Exercise details: Exactly the lines from the one holding "Coffee Metal Duvar" through the end of the material below must be printed, nothing more, and the pictures must be dropped.

━━━━━ Given material

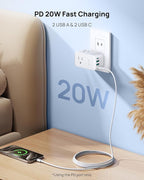 TROND 2 to 3 Prong Outlet Adapter 2 Pack, 3 AC Power Splitter with USB C PD20W & 360 Rotating Plug, Travel Plug Adapter for US to Japan, Wall Outlet Extender for Old House Travel Essentials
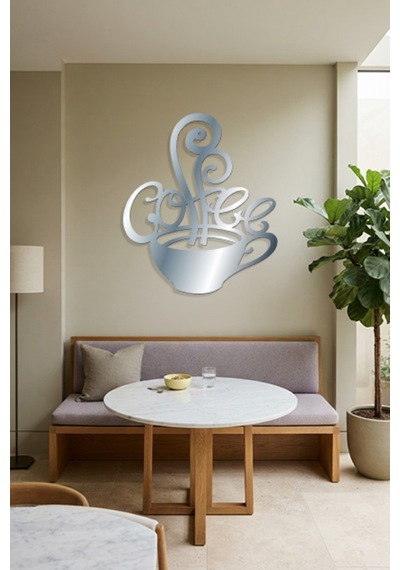 Coffee Metal Duvar Tablosu - Duvar Dekoru - Gümüş - 62 X 75 Cm
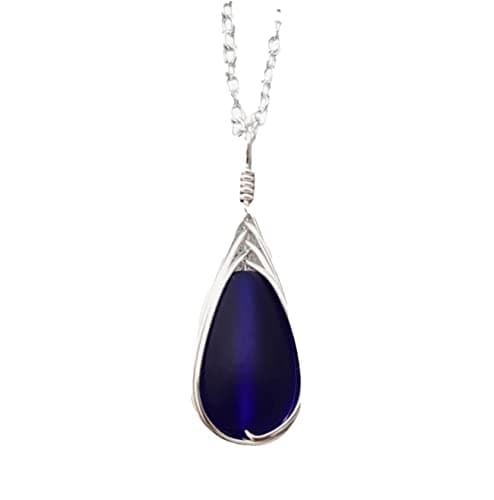 Braided Teardrop Sea Glass Necklace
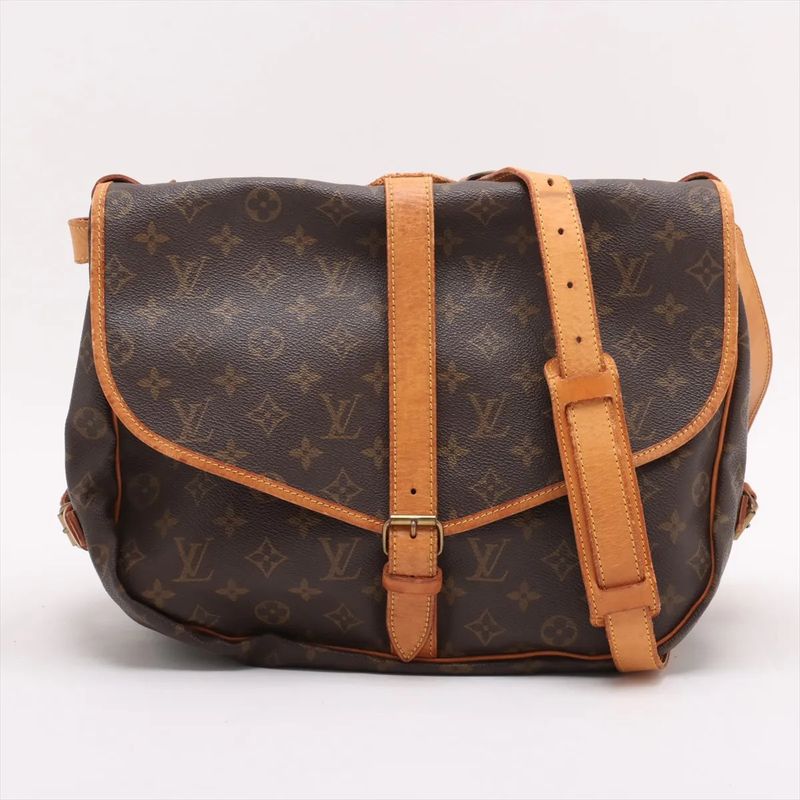 Louis Vuitton Monogram Saumur 35 M42254 Leather Shoulder Bag Crossbody Messenger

━━━━━━━━━━

Exercise response:
 Coffee Metal Duvar Tablosu - Duvar Dekoru - Gümüş - 62 X 75 Cm
 Braided Teardrop Sea Glass Necklace
 Louis Vuitton Monogram Saumur 35 M42254 Leather Shoulder Bag Crossbody Messenger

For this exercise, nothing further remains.